- _WORK TO BE COMPLETED_:
What you give must be the lines from the one containing "Jual Stiker Variasi" through the last line of the listing below, exactly, with nothing else and no pictures.

- _INFORMATION PROVIDED_:

**********

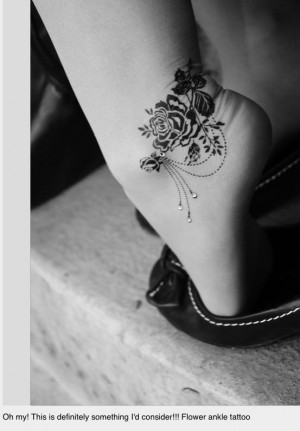 Ankle tattooTattoo Ideas, Ankle Tattoos, Feet Tattoo, Body Art, Tattoo ...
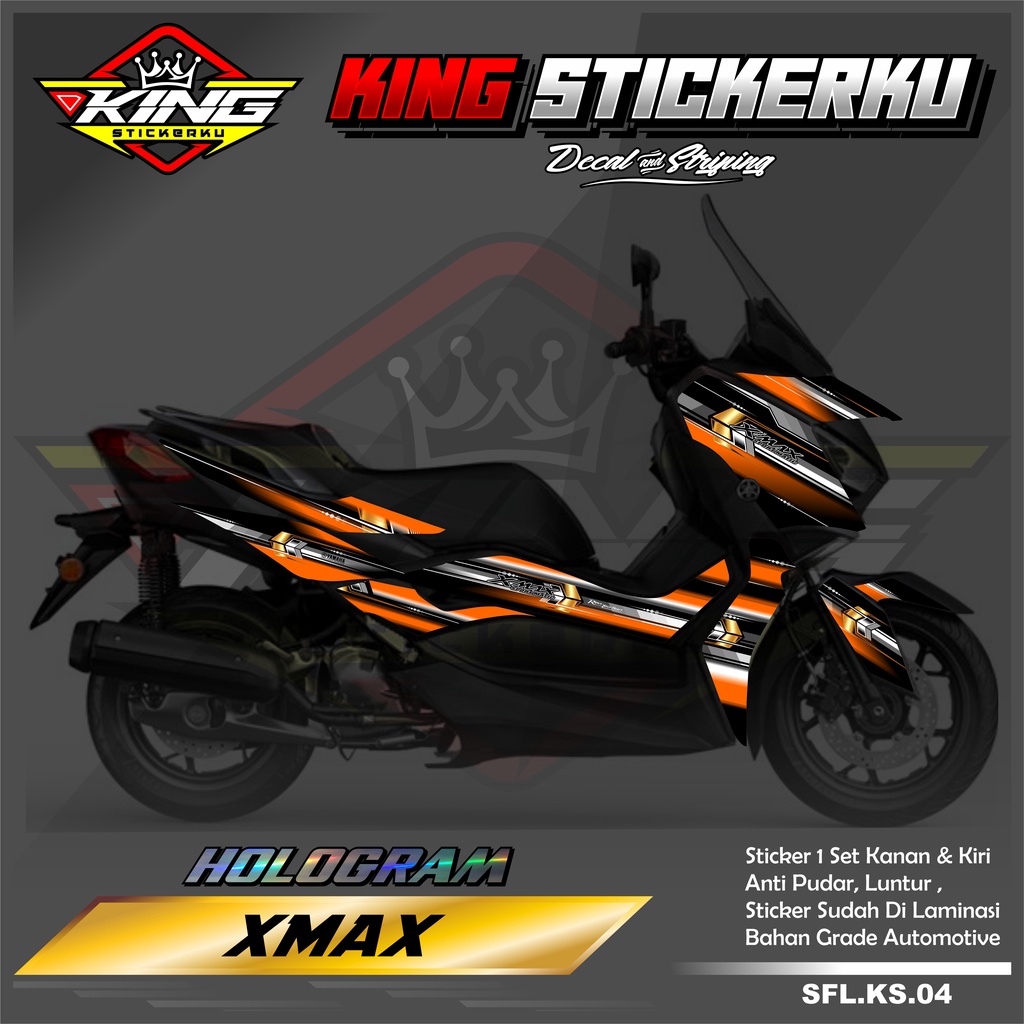 Jual Stiker Variasi XMAX Semi Full - Decal Sticker Striping XMAX Motif ...
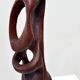 1960's abstract wooden sculpture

**********

- _ANSWER TO THIS EXERCISE_:
 Jual Stiker Variasi XMAX Semi Full - Decal Sticker Striping XMAX Motif ...
 1960's abstract wooden sculpture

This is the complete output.